Sunday, September 1, 2019

Phil Fitzpatrick Talks About His New Book of Poems, Hawks on High: Everyday Miracles in a Hawk Ridge Season

Photo by Margie Menzies.
I've gotten to know Phil Fitzpatrick through our mutual affiliation with the Duluth Dylan Fest in recent years. A Harvard grad and career teacher, he's passionate about golf, poetry and life. His new book is titled Hawks on High: Everyday Miracles in a Hawk Ridge Season.

Hawk Ridge is a Nature Reserve here in Duluth, Minnesota. It is a book of poems inspired by this very special place, with pen-and-ink drawings by local artist Penny Perry.

It's exciting to see that the book is now in print, which makes it a good time to share Phil's story, learn more about his motivations and discover new insights regarding raptor watching.

EN: What prompted you to produce a book of poems about hawks and other raptors?

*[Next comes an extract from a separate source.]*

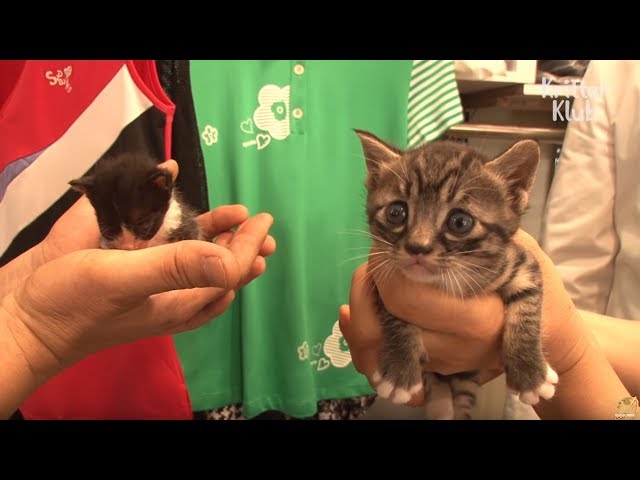 Kitten Finally Found Her Mother (Part 2) | Kritter Klub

Phil Fitzpatrick: This book is a happy accident born of my fascination, if somewhat belated, with flight and migration introduced to me in the fall of 2017 by my friend and college classmate, Elizabeth Hunter, who has been watching raptors at Rockfish Gap in Virginia for years. But more specifically, the first poem came a few days after we had started watching. One poem followed another until I started thinking I could capture some of the more ineffable qualities not just of migration but of all the folks who work and who visit up at Hawk Ridge.

EN: What is it that makes Hawk’s Ridge such an unusual geographic/topographic place to watch migrating hawks?

PF: Raptors hate to fly over water, but they love catching thermal currents that rise up off the bluffs of Lake Superior's North Shore. The rock ridge is composed of a form of basalt called diabase, and it is a billion years old. The age of the location, the fantastic view of Lake Superior far below, and the always fascinating birds that fly overhead make it a spectacular raptor watching site, one of the most renowned in the country, if not the world.

Cover design, illustration by Penny Perry
EN: How many other such places do you think there are in the world?

PF: There are hundreds of such sites in the world, and I would hate to guess how many thousands of people watch, study, write about, band, and photograph these birds. Yet with all this attention year after year, there are so many mysteries and secrets the birds possess. We only know part of the story, and it is this mystery and this history that intrigue me. The poems that were hardest to write are the ones that make an attempt to imagine what goes on during migration and to imagine how far back such activity actually got started.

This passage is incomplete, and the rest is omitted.